As Robert Mierisch, Terrajoule’s CTO explained, the steam engine manufacturing sector has all but disappeared, meaning Terrajoule had to research patents and engineering diagrams from the 1930s to develop its proprietary technology. “No one manufactures these kinds of engines anymore,” he said. Why use steam engines at all? It’s because the storage system creates fluctuating steam pressures that won’t work with a turbine. The basic design has a capacity of 1.5 MWh, but is potentially scalable to much more.
This surging development is being driven in part by new mandates for energy storage capacity. California recently enacted a requirement for its utilities to source 1.3 GW of storage services by 2020. That was a move that multiple manufacturers at ESNA described to POWER as a game-changer.
Making it work though, is going to be a challenge, as two California regulators explained.
Heather Sanders, director of regulatory affairs with the California Independent System Operator (CAISO) told attendees that CAISO is dealing with a “large influx” of storage project proposals—more than 2.1 GW, three times as much capacity as is required by the first phase of the mandate.
Carla Peterman, a commissioner with California Public Utilities Commission (CPUC) reported that the CPUC is having to answer a lot of questions about eligibility and specific details of the mandate. She said there remains a lot of work to be done, requiring close cooperation between all involved agencies and stakeholders.
Identifying viable projects is not easy, Peterman said. “What’s not cost-effective in 2014 may well be cost-effective in 2020.”
“We have to come back to what it adds to the system,” Sanders said.
Ontario is also seeking to support grid-scale storage, but has taken a different route from California. As Kim Warren, COO of Ontario’s Independent Electricity System Operator and JoAnne Butler, vice president of electricity resources for Ontario Power Authority, explained, its target is smaller—50 MW—but it is more varied. It includes the first power-to-gas project in North America, to be deployed by Hydrogenics, which inaugurated a similar project in Germany last year.

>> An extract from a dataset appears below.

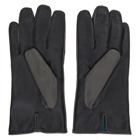 Paul Smith Grey Leather Bicolor Gloves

“Storage is a natural addition” for Ontario, which has made a rapid shift away from coal and toward renewables over the past decade, Warren said.
Final bid selection is set for the second quarter of 2015. Warren said Ontario is actively working on planning and grid analyses to support rollout of these storage projects.

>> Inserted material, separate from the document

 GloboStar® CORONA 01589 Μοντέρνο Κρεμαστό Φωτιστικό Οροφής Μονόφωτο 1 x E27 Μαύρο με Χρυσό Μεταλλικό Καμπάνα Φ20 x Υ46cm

World renewables leader Germany is not sitting still on storage either. Frank-Michael Baumann, CEO of EnergyAgency North Rhine-Westphalia, reported that much of Germany’s need to deploy storage in the short term is driven by its plan to phase out nuclear by 2022. “The dominant energy source for Germany in the future will be wind,” he said, which means a rapidly growing need to balance intermittent output.

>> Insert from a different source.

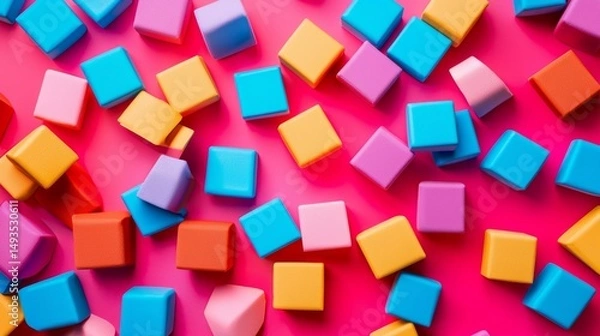 Fototapeta Colorful 3D cubes pattern forming abstract digital background with vibrant dynamic graphic effect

Heiko Staubitz, senior manager, smart grid and energy storage for Germany Trade and Invest, reviewed the state of the German energy market. Based on current costs and capacity payments for battery storage, capital expenditures would need to be no more than €1,100/kWh.
One of the challenges in Germany is the rapid growth of distributed, customer-sited generation that is outside the control of the large utilities. While it is a “more democratic” approach, Baumann said, “there is some resistance from established stakeholders.” Storage in Germany is likely to grow along similar lines, he said.
A group from the Rocky Mountain Institute (RMI) addressed challenges in boosting market adoption of energy storage. Hervé Touati, RMI managing director, pointed out that the current business case for battery storage systems in California doesn’t generate enough revenue from peak vs. off-peak power arbitrage, even with the Self-Generation Incentive Program subsidies. That means bringing capital costs down and finding new ways to generate revenue. Fortunately, the opportunities for both are large, he said.
Doing so will require creativity on the business side, however, and effectively communicating the types of services storage can provide. RMI is working on an initiative to support more efficient and cost-effective storage deployment.
—Thomas W. Overton, JD is a POWER associate editor.